One might find the prospect of back-to-back symphonies to be weighty and perhaps even tiring. But in fact, it’s a far lighter experience than might be expected. As audience members, we knew exactly what we were in for – we could prime our ears for nothing but Brahms, and could also take a rare opportunity to directly compare his third and fourth symphonies with each other. Additionally, there was less fuss between the usual bite-sized pieces found in the first half of concerts, which warm up the audience but require much of the stage elements to be rearranged. For these reasons, I enjoyed the simplicity of the dual symphony structure, and would enjoy seeing it balanced amidst the usual concert programs.

Nevertheless, there were a few too many empty seats at this concert, which was very disappointing and led me to suspect Hobartians may simply have been Brahmsed-out, having already attended some of the other Festival offerings. Before the music began, a string player walked to the front of the stage and warmly told us that Brahms’s works were “great gifts to humanity” that “open our hearts”. (He also told us to turn off our phones and avoid unwrapping lollies.) Then, Symphony No 3 commenced with conductor Eivind Aadland.

Though it may appear a blunt analysis, the first movement Allegro con brio undeniably began with moments of messiness in violins and overpowering brass. It took until the first climax of the movement to build excitement; after which there was an extended rest prior to the start of the second movement Andante. These too-lengthy silent breaks between movements continued throughout the entire event, and greatly detracted from the symphonies’ momentum.

In the Poco allegretto, I could see a clear disconnect between conductor and orchestra – Aadland was precise and expressive in his gestures, but this wasn’t always matched in the players’ responses.

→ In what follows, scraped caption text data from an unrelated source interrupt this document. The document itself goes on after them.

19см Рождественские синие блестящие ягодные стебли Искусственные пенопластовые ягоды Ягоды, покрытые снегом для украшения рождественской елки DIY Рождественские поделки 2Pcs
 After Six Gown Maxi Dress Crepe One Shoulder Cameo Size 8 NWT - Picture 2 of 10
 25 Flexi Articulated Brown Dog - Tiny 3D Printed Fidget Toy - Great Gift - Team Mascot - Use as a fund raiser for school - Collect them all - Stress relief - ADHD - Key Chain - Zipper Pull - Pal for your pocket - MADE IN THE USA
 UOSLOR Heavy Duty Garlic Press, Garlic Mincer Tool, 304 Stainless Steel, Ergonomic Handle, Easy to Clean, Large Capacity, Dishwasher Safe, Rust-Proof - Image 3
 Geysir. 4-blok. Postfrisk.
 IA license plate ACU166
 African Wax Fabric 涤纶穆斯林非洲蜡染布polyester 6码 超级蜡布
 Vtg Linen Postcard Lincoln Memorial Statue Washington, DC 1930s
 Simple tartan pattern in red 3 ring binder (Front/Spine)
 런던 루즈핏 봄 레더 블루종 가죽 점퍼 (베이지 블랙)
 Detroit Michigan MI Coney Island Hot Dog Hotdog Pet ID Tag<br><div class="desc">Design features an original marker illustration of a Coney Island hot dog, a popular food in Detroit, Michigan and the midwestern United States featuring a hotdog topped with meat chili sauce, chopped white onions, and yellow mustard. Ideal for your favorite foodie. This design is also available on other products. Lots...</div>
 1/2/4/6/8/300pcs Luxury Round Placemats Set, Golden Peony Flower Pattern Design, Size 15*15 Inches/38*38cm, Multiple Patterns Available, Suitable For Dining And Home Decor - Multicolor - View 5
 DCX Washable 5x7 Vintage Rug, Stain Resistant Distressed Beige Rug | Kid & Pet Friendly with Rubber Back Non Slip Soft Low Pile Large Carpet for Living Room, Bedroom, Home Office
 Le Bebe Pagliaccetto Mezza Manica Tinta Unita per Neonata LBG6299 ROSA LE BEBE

Allegro gave a big finish, with its final note being attacked by different players at different times. I’d like to say it’s the fault of the venue’s acoustics, and I suspect it was to a great extent. But then, this assumption also dismisses the players’ control over their performance – and therefore contradicts their far greater performance in the second half.

The Symphony No 4 was excellent: instrumental sections played well individually, which allowed the audience to appreciate their identities as well as Brahms’ orchestration. The second movement Andante Moderato was presented as gently heart-warming and luscious through to intense and angular. The final Allegro energico e passionato gave the concert a big finish – despite a similarly big finish in the first half. Aadland looked exhausted but happy, and still made the effort to show his respect and appreciation to players and the audience, rather than simply leaving the stage. All conductors should take a leaf out of his score, so to speak.

The concert felt quite short, which may be why Aadland made a playful return for the encore – Brahms’ Hungarian Dance No 5. He conducted without a score. After it, people cheered louder than they usually do in Hobart – not just because of the familiarity of this beloved little piece, but because it was the best-performed work on the program.